### DATA RECORDS:
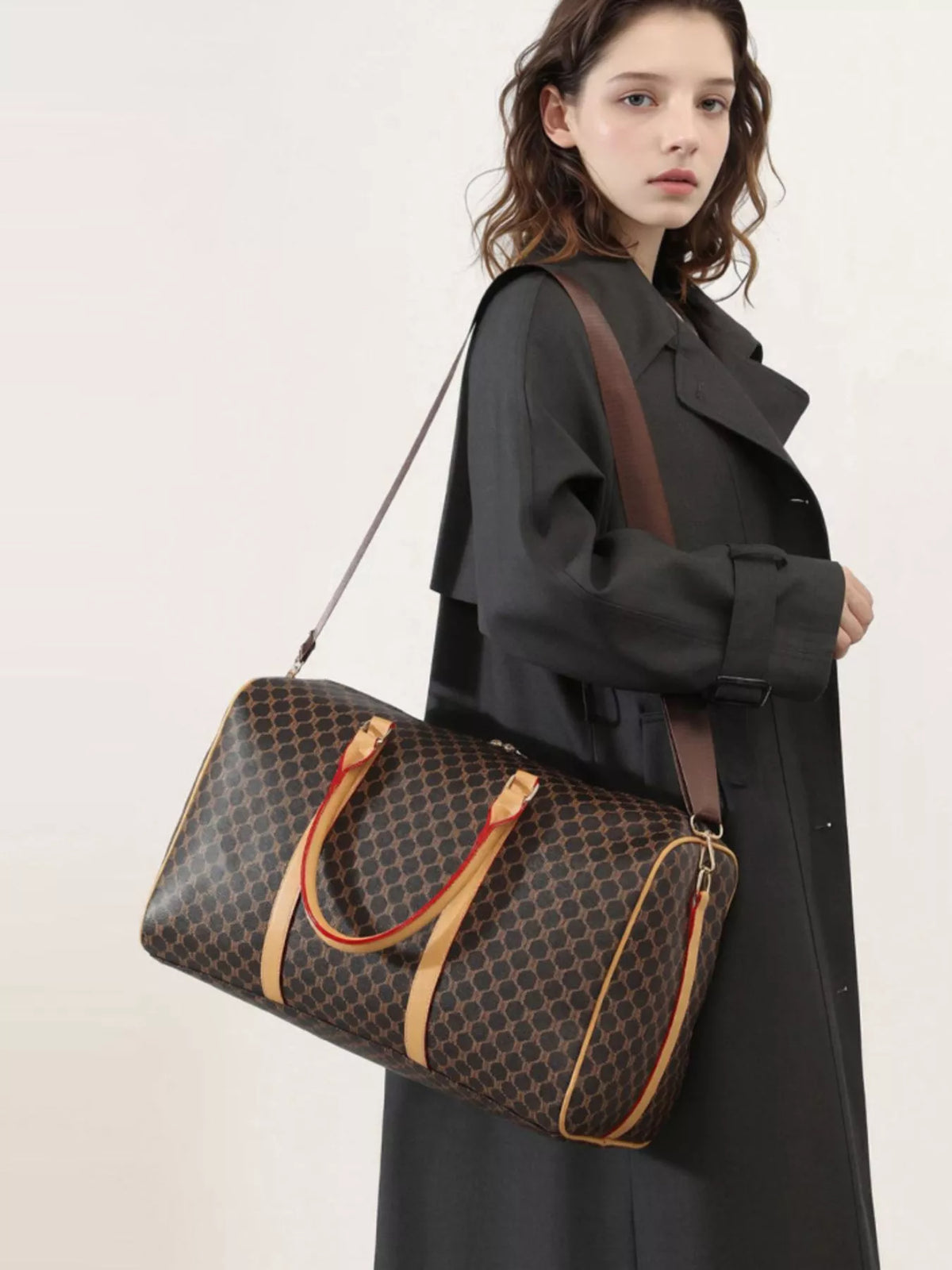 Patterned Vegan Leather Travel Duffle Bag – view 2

--

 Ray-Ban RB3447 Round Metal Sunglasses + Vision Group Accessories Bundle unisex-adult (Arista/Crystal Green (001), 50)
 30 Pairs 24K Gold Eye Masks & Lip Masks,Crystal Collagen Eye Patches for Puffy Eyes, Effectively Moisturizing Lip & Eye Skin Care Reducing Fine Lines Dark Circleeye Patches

---

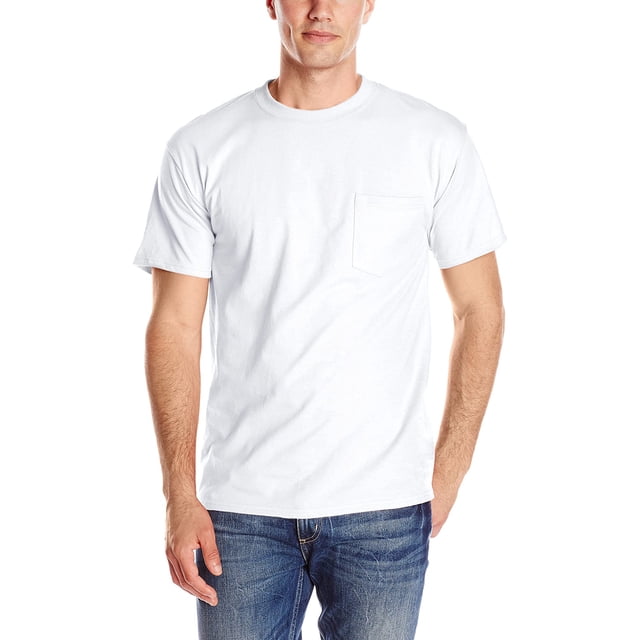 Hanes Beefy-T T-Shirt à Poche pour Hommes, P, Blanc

### TASK OBJECTIVE:
The result should be every line of the material that contains the word "Crystal", so copy those lines.

### FINAL ANSWER:
 Ray-Ban RB3447 Round Metal Sunglasses + Vision Group Accessories Bundle unisex-adult (Arista/Crystal Green (001), 50)
 30 Pairs 24K Gold Eye Masks & Lip Masks,Crystal Collagen Eye Patches for Puffy Eyes, Effectively Moisturizing Lip & Eye Skin Care Reducing Fine Lines Dark Circleeye Patches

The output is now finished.